Milling of Structural Steel Tubes

Milling of Structural Steel Tubes

(OP)
I have a situation in which short (21") steel tube segments will be used to splice longer segments of steel tubing (round HSS). The short splice segments must fit inside the larger tubes. In order to do so, the outside diameter must be reduced. The fabricator proposes to do so by milling 1/2" thick material down to 3/8" thick.

I'm wondering if anyone has any similar experience or any comments on the validity of this process.

Possible Concerns Include:
-Voiding the applicable ASTM tests performed by the Mill.
-Possible introduction of micro-cracks due to elevated temperatures.
-The work is beyond the scope of repairs allowed by ASTM A6 (is this a problem?).
-Surface roughness (this will be uncoated material embedded in soil, so corrosion is a factor - although corrosion allowances have been applied.
-Otherwise altering the mechanical properties of the material.

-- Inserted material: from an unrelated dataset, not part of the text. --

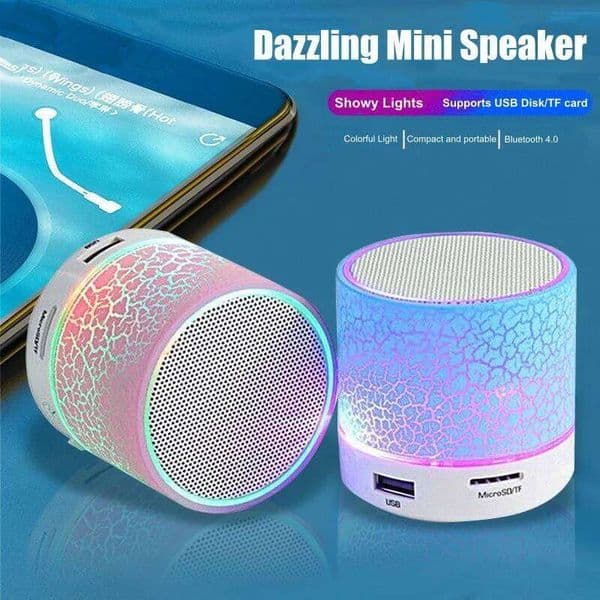 Mini Bluetooth Wireless Loud Speaker Crack LED SD Card USB Subwoofer Portable MP3 Music Sound Column For Computer Laptop 26W0604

RE: Milling of Structural Steel Tubes

It sure seems like an expensive way to do it.
"Voiding the ASTM tests", I don't think would be an issue so much, but the finished product/assembly is likely not covered by any standard.
I don't think A6 applies to structural tubing, would have to check, though.
Will this all be welded up, or does it all stay loose and then get buried?

One idea that comes to mind is to cut a lengthwise slot in the tubing, then force it to a smaller diameter and re-weld. Not that I've tried it.

RE: Milling of Structural Steel Tubes

What diameter of HSS are we discussing here? Can you just have specific diameter HSS made from plate?

RE: Milling of Structural Steel Tubes

If the pieces to be milled aren't annealed first, they will "move" on you (warp, twist, etc.), and make inserting them into the larger tubes more difficult - especially if the fit is close (or tight). Machining them will release pent-up stresses which will cause them to move.

Thaidavid

RE: Milling of Structural Steel Tubes

(OP)
Cold-rolling the tube out of plate and welding the seam was considered. Actually, that's the reason fabricator is now milling the tube - to get away from the welding. CJP welds along the seams were problematic.

Thanks - all for your input and feed back.